On November 26, for the first time in Malaysia’s history, some 30,000 ethnic Indians held a protest rally in Kuala Lumpur, with posters of Mahatma Gandhi and banners that read, “We want equal right”. It faced a severe police crackdown. Last week, I met P. Waythamoorthy, chairman of the Hindu Rights Action Force (HINDRAF), which had organised the rally. Currently in India to mobilise support for the ‘forgotten’ and ‘persecuted’ Malaysian Hindu community, what he said was indeed worrisome.

“Thousands of Hindu temples have been demolished in Malaysia in the last 50 years. Most of these were clan temples built more than 150 year ago by people from Tamil Nadu, Andhra Pradesh, and Kerala, who had been brought here by the British to work in rubber plantations. Hindus are stripped of their dignity and self-respect by this vindictive act. There has been a systematic campaign to Islamise the Malaysian state, which has alarmed not only the Hindus, but also Buddhists, Christians and Taoists,” he said.

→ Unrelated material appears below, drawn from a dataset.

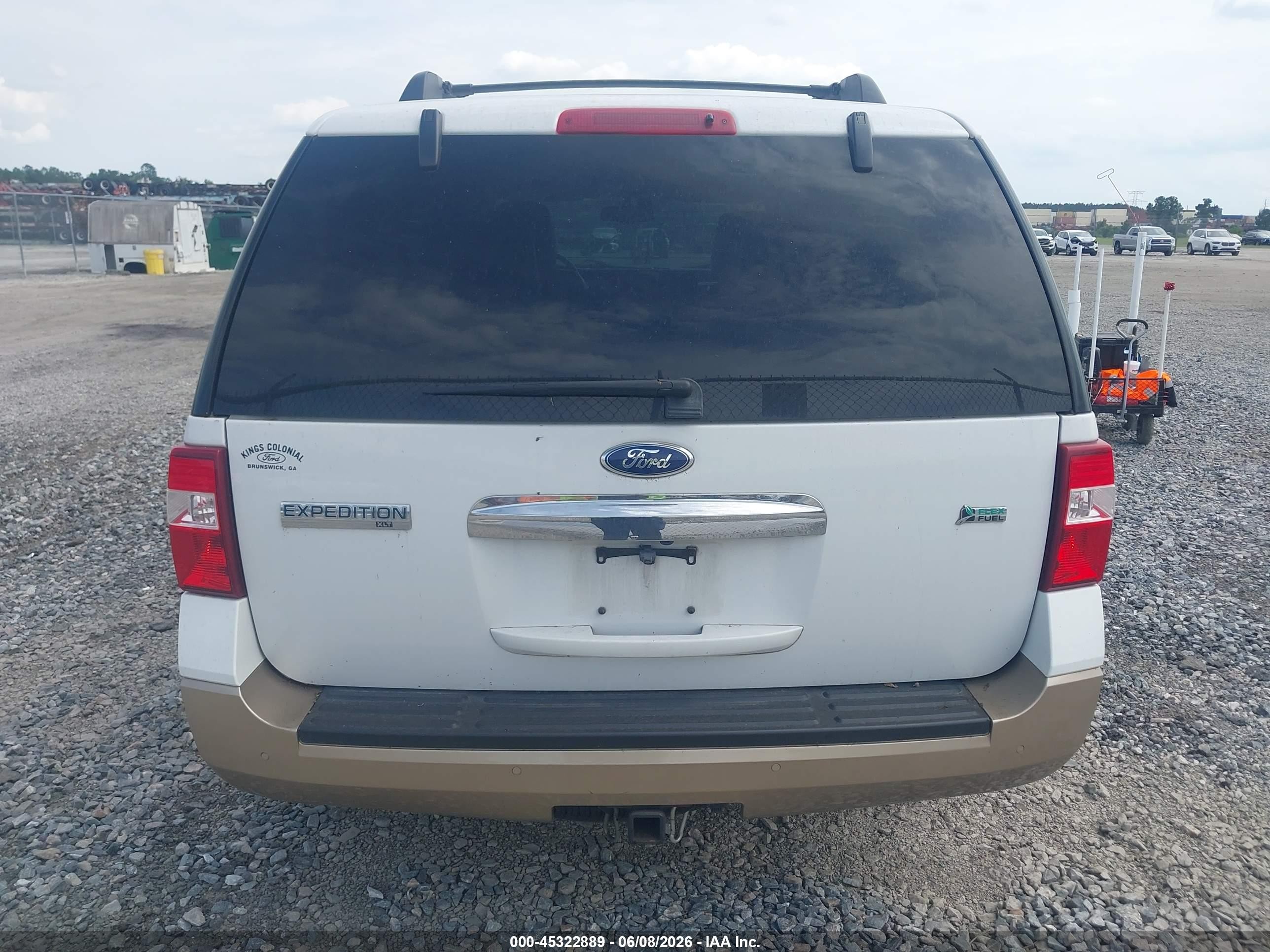 2013 Ford Expedition Xlt White vin: 1FMJU1H59DEF42894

Moorthy said: “A majority of ethnic Indians are pushed to the lowest rung of the economic-educational-employment ladder. We have the lowest per capita income, highest number of beggars and squatters, highest suicide rate, and lowest intake in government jobs and universities. Indians are treated as third-class citizens.”
Moorthy, however, was quick to add: “Hindus in Malaysia have always been loyal, law-abiding and peaceful citizens.” Three of his colleagues have been charged with sedition — “for speaking the truth” — and 31 others face murder charges, under a law that denies them bail.
The developments in Malaysia — the condition of Hindus in Bangladesh is far worse — pose an important question before India’s political and intellectual class: should India care for ethnic Indians in other countries? Or should our government simply sit quiet on the plea that this is an internal matter of a foreign country, in which it cannot interfere? Since the issue concerns primarily the Hindus, our ‘secularists’ will most likely advise the UPA government to ‘lay off’, which is exactly what Malaysian authorities have told our government leaders. The advice must not be heeded. India has a moral duty to act whenever ethnic Indians anywhere in the world suffer racial or religious persecution.

But will Manmohan Singh and Sonia Gandhi speak out in this matter? And will leading representatives of the Muslim community in India condemn the ill treatment of Hindus in Malaysia? I believe.